Your objective | Up to and including the line that holds "Oceanfront condo Heated", copy every line of the records below exactly, starting at the first; leave pictures out.

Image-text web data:

· · · · · · ·

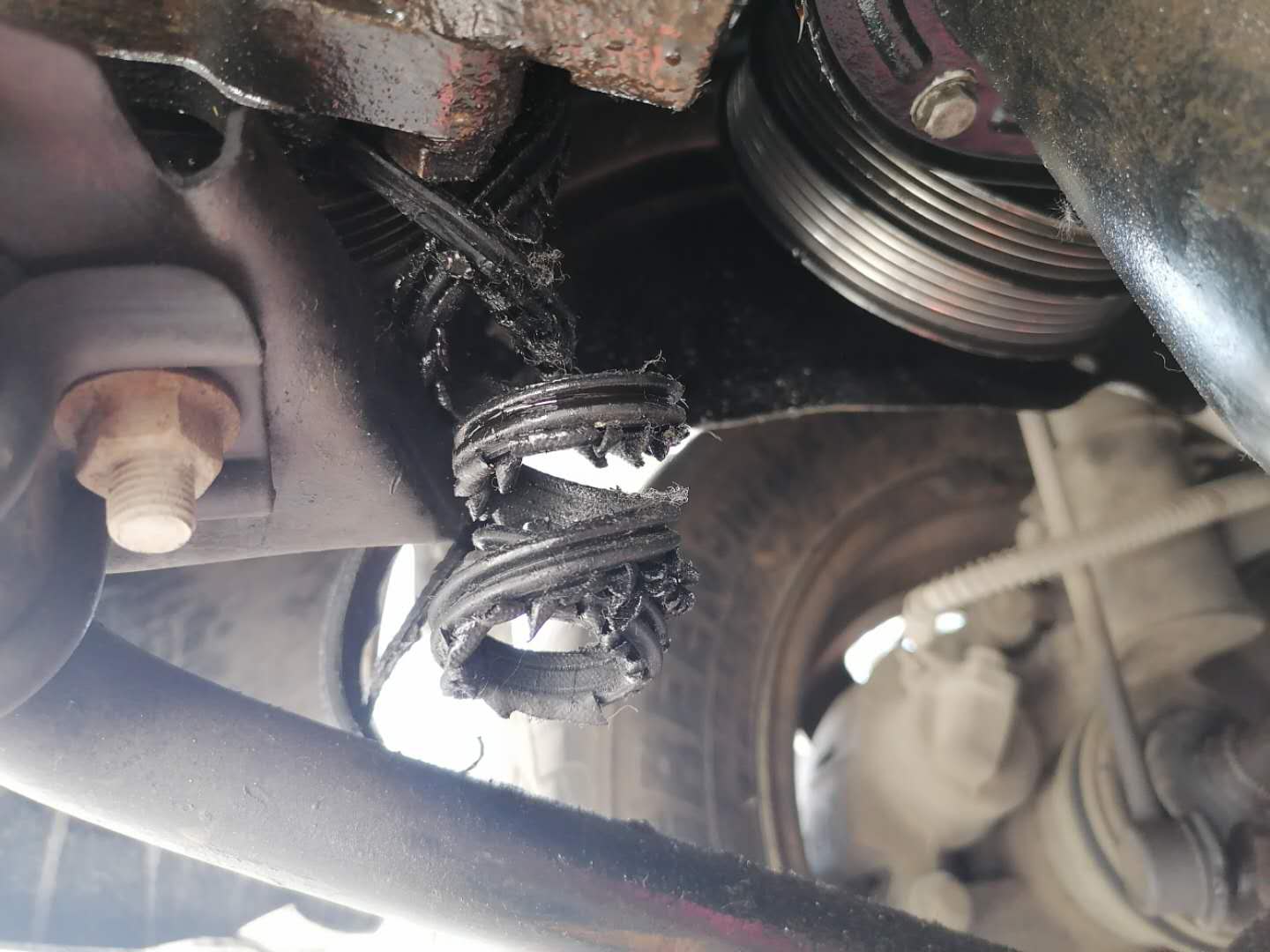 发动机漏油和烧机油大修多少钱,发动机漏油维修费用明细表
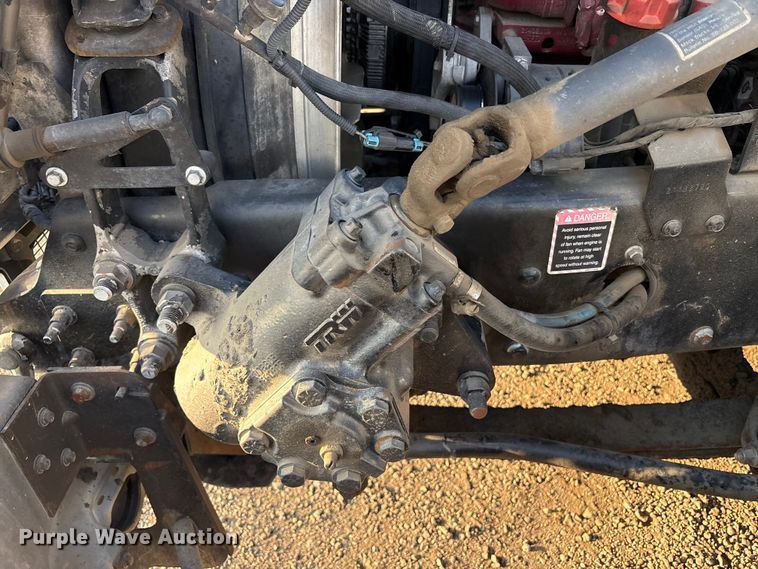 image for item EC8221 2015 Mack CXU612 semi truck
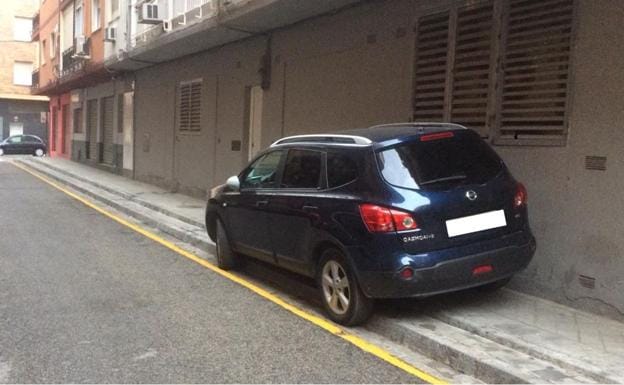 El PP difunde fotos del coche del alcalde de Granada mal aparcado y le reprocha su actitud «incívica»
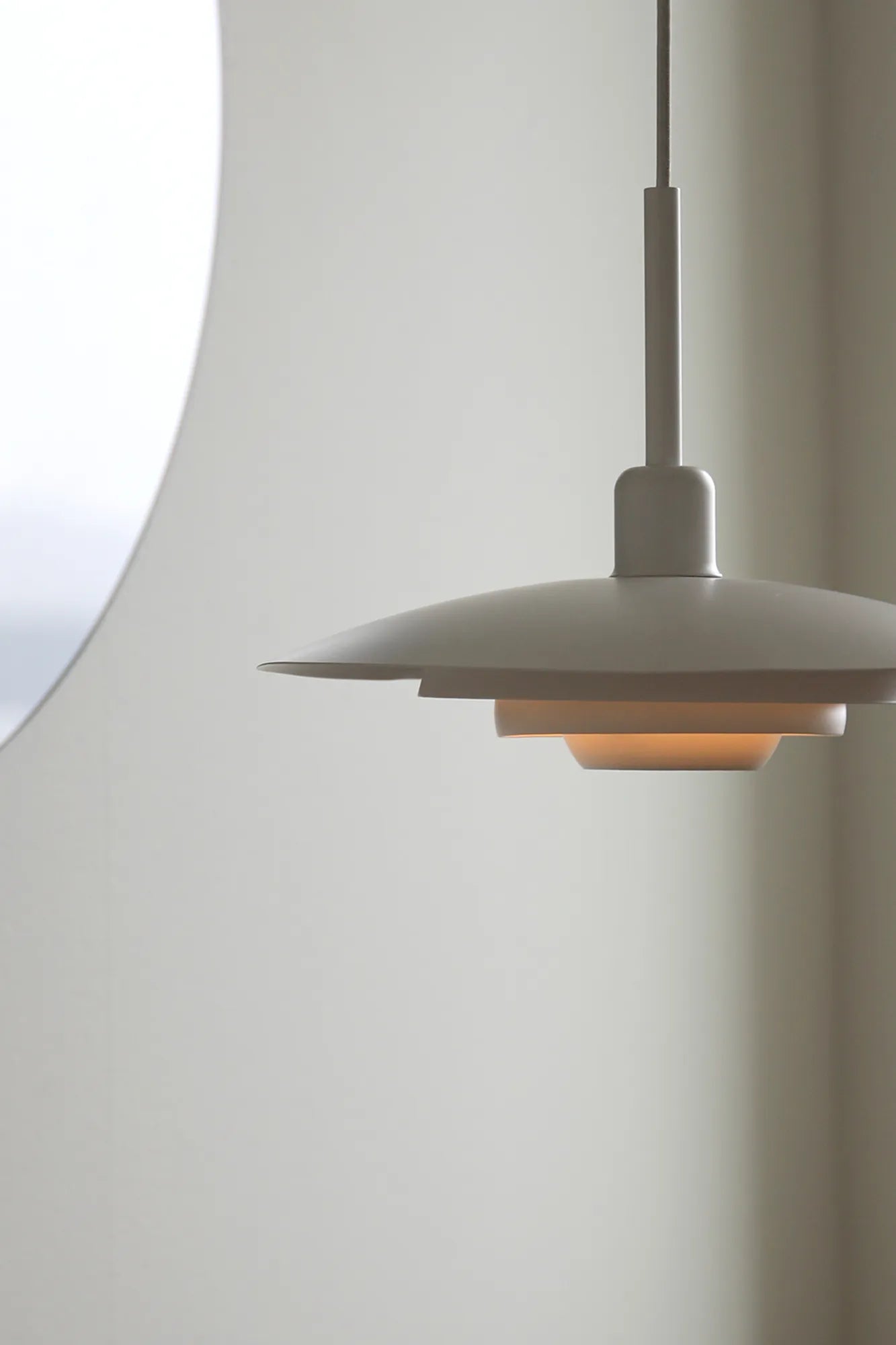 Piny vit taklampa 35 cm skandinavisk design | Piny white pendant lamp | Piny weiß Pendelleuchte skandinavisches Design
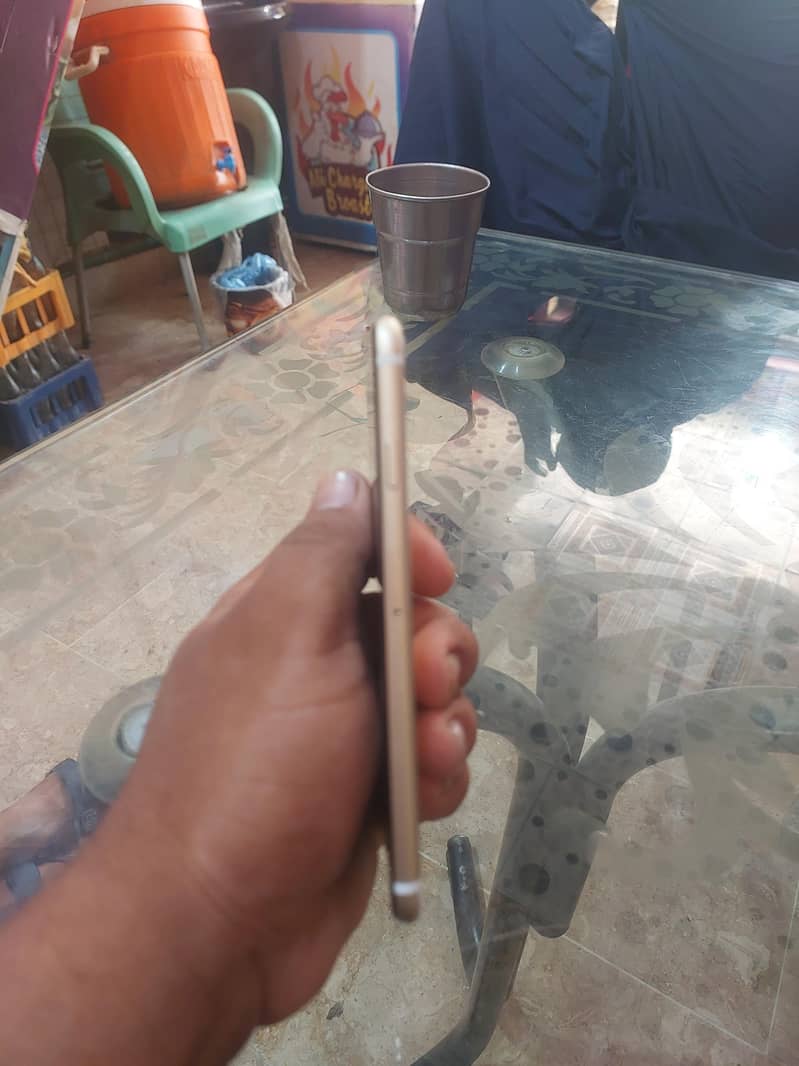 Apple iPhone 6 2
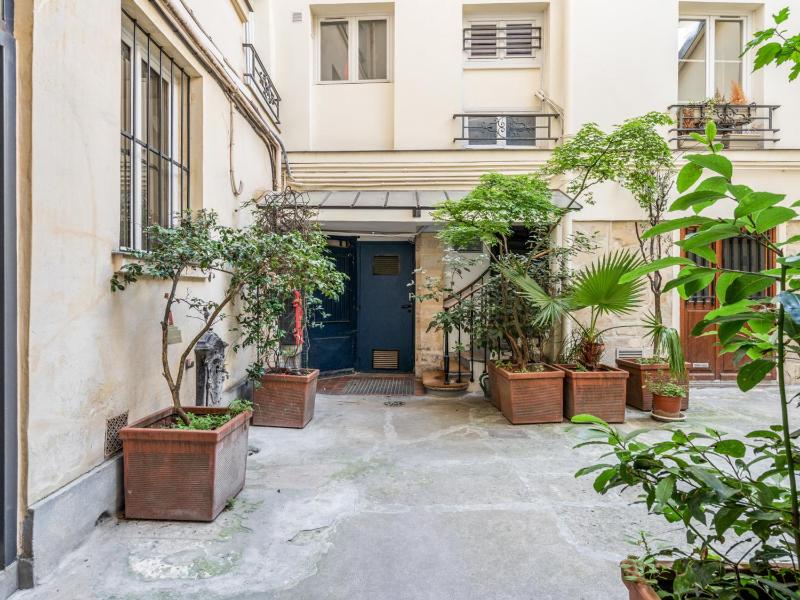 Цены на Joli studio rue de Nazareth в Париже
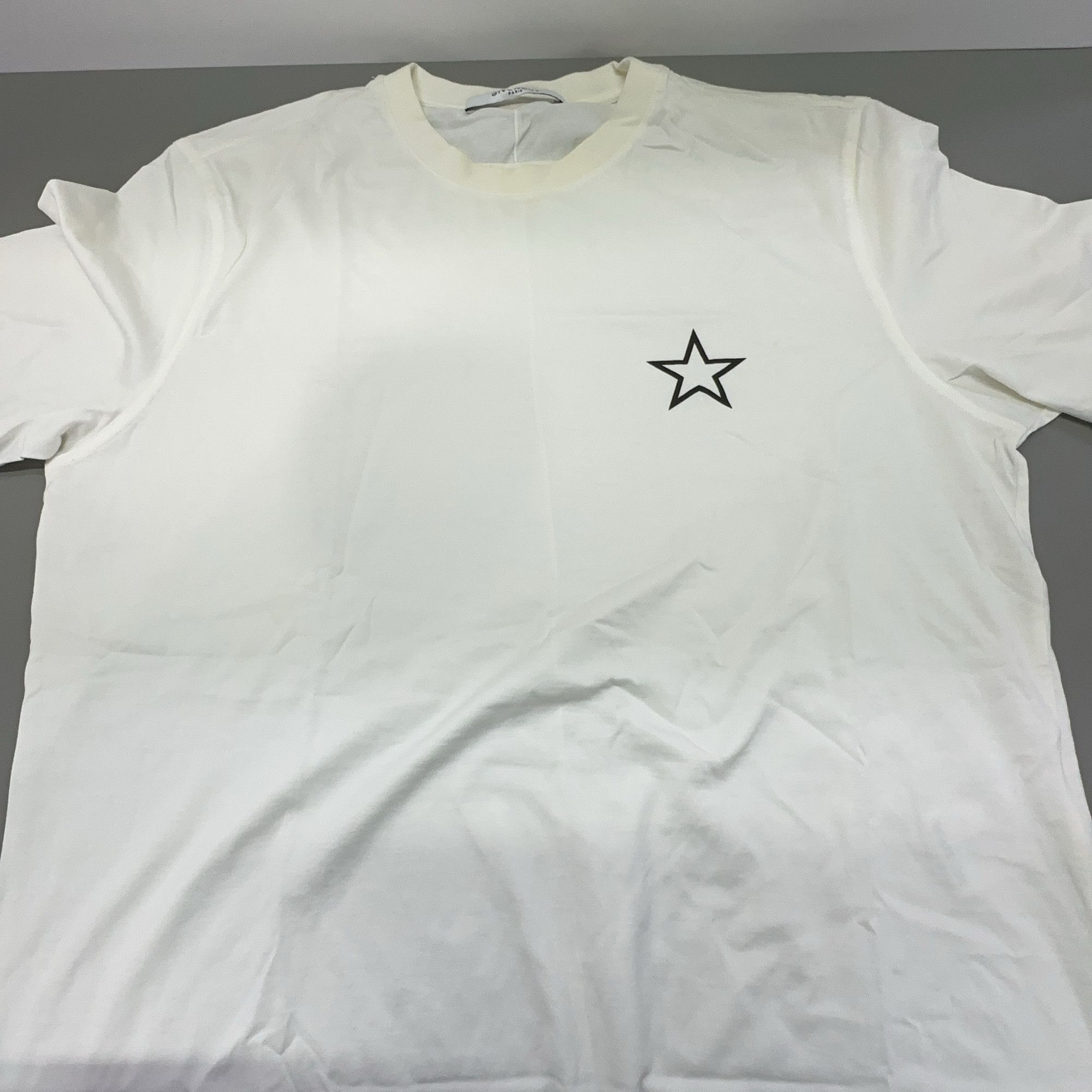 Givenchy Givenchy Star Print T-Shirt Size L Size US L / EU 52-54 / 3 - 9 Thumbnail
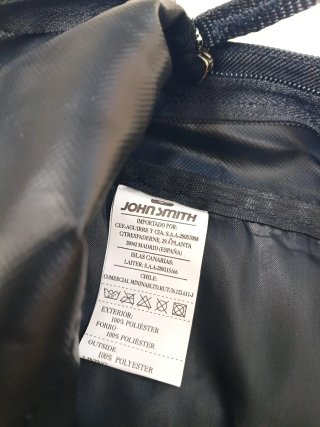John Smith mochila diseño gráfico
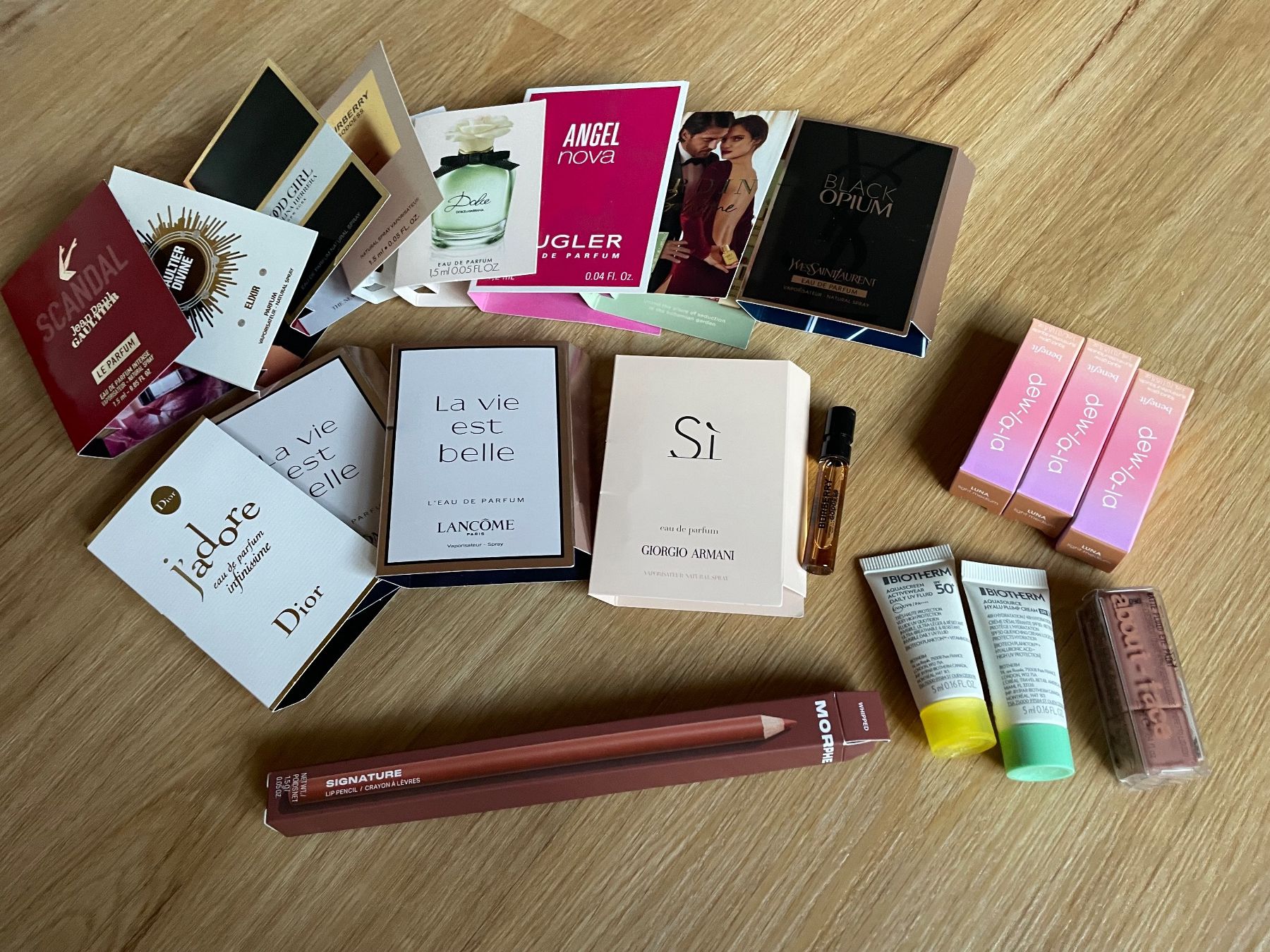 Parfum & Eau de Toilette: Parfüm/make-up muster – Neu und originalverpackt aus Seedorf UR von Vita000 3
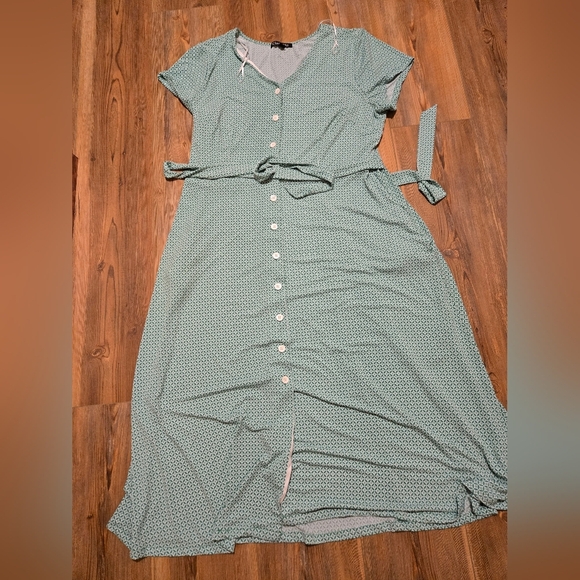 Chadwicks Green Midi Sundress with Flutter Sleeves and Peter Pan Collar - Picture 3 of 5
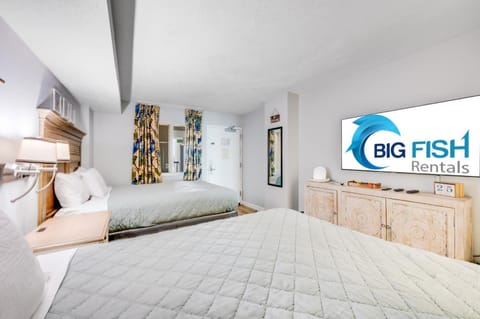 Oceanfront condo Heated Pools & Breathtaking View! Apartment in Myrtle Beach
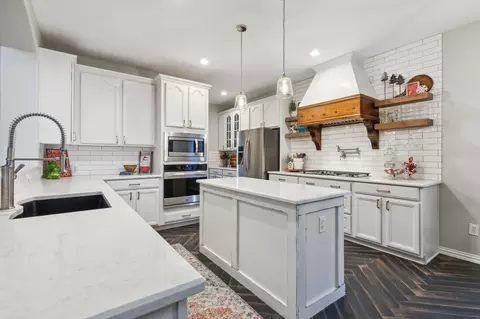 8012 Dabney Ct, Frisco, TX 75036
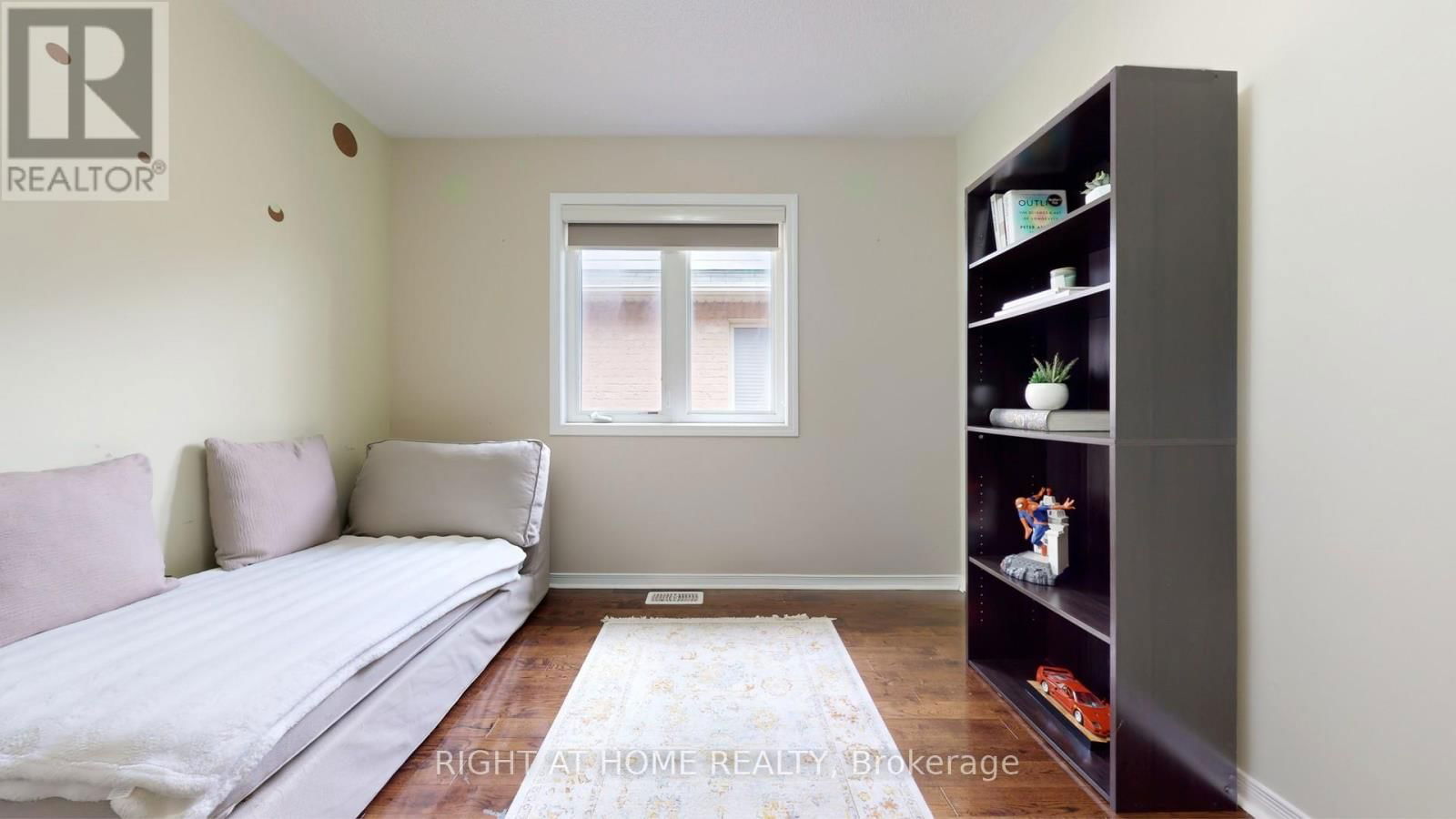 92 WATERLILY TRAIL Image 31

· · · · · · ·

Solution to the problem |
 发动机漏油和烧机油大修多少钱,发动机漏油维修费用明细表
 image for item EC8221 2015 Mack CXU612 semi truck
 El PP difunde fotos del coche del alcalde de Granada mal aparcado y le reprocha su actitud «incívica»
 Piny vit taklampa 35 cm skandinavisk design | Piny white pendant lamp | Piny weiß Pendelleuchte skandinavisches Design
 Apple iPhone 6 2
 Цены на Joli studio rue de Nazareth в Париже
 Givenchy Givenchy Star Print T-Shirt Size L Size US L / EU 52-54 / 3 - 9 Thumbnail
John Smith mochila diseño gráfico
 Parfum & Eau de Toilette: Parfüm/make-up muster – Neu und originalverpackt aus Seedorf UR von Vita000 3
 Chadwicks Green Midi Sundress with Flutter Sleeves and Peter Pan Collar - Picture 3 of 5
 Oceanfront condo Heated Pools & Breathtaking View! Apartment in Myrtle Beach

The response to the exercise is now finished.